しかし今はいない。いないでいい。居てくれるな。
そうやって半ば言い聞かせる思いが強かった。
「やっぱ、誰もいないか。」
しばらく校内を見てまわったが、人と会うことはなかった。自分の声だけが響く廊下はやけに物寂しさを感じる空間になっている。
娘の教室に向かえば、当たり前のように扉が開いていた。不安に後押しされてそっと覗き込めば、強風が短い彼の前髪を撫でる。

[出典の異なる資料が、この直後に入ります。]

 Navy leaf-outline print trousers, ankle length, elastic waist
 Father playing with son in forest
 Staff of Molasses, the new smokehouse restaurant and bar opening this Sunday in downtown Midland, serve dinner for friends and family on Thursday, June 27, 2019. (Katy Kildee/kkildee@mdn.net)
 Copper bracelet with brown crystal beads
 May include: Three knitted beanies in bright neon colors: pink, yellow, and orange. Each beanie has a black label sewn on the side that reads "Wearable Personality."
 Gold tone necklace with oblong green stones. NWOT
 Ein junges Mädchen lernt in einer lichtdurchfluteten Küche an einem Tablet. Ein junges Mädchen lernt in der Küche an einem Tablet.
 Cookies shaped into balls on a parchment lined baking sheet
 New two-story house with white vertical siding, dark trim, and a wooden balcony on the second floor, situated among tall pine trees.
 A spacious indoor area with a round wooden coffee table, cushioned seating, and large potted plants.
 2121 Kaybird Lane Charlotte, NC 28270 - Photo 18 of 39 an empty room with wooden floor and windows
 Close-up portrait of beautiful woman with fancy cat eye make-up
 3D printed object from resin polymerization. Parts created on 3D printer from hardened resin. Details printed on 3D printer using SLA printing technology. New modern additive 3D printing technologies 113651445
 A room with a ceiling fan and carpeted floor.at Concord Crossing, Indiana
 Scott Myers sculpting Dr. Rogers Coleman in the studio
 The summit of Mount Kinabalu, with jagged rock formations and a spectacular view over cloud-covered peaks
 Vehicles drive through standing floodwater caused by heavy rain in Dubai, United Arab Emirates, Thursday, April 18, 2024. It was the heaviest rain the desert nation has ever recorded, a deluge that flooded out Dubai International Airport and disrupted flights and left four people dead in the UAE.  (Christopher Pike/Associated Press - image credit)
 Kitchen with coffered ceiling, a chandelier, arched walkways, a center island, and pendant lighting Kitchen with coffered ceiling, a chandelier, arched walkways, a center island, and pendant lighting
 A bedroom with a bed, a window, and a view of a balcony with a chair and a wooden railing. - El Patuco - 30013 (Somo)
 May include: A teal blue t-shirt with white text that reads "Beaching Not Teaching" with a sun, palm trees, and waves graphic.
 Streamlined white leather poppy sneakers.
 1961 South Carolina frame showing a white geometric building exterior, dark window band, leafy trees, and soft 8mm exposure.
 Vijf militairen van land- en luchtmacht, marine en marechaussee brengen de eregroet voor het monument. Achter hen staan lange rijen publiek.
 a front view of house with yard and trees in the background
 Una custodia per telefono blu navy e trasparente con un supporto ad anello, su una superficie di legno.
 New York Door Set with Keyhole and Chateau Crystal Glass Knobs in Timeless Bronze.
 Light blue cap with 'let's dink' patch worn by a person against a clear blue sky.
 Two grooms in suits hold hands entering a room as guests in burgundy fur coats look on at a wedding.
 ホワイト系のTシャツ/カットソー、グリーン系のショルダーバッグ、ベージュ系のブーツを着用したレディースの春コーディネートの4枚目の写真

風の通り道を探せば、ひとつだけ開け放たれた窓がある。
不自然ではあるが、特に警戒心も持たないまま引っ張られるようにそこに足を運ぶ。
窓を閉めようとすると、ふわふわと浮遊する何かを見つけた。
「くも?」
蜘蛛。それはどこからか伸びた糸にぶら下がっていた。
大きくもなければ、決して小さくもない。
風に抗えないまま揺れていて、今にも吹き飛ばされそうだ。
思えば人間に限らず、他の生き物の姿も目にする事は無かった。
蜘蛛は日常的に目にするものだが、この空間においては何かの手がかりのようだった。
何気なく手を伸ばせば、蜘蛛は松川の指先に触れる。
その瞬間、プツリと糸が切れた。
切れた糸と共に、簡単に蜘蛛は窓の外へと放り出され落ちていく。
それと目があった。
蜘蛛ではない。
一人の少女が蜘蛛と一緒に落ちていく、松川の視線の上から来て、そのまま下へ。
音もなく現れたそれは、にっこりと笑っていた。
「あっ・・はっ?」
追いつかない思考がフリーズする。
たった一瞬だった。
視線がふらふらと揺れて、頭の中に少女の笑顔が居座る。
(あれは、なんだった?誰だった?
どこかで見覚えがなかったか?いや、
そんな事はない、だから、大丈夫。)
やっと思考が回りだすまで、果たしてどの程度の秒数を要したろうか。
考えに一番に浮かんだのは家族のことだった。
彼にとって、”失う”行為が直結させるのは、亡くした家族の存在だったのだ。
冷静な自身の思考は、大丈夫だと繰り返しながらも、大丈夫な事などないだろうと、冷や水を掛けてくる。
ゾッとした。
松川はその表現しか知らない。その表現くらいしか当てはめられない。
しかし、対してそんな言葉では表現し切れないものだった。
そっと、無意識に後ずさっていた足を前へ降り出す。
息を呑んでゆっくりと震える手を窓枠に掛け、下を覗き込む。
かちゃりとメガネがズレたのが分かったが、それを直す余裕もなかった。
視界には血も体もない。花壇を彩る美しい花々だけがそこにあった。
「ははっ、、なんだよ。ふざけるなよ、、」
へたり込んだ床はひんやりと冷たい。
一気に噴き出た汗が、頬を伝って落ちていく。
口元を押さえれば、喉の奥が低く鳴った。
最初のコメントを投稿しよう!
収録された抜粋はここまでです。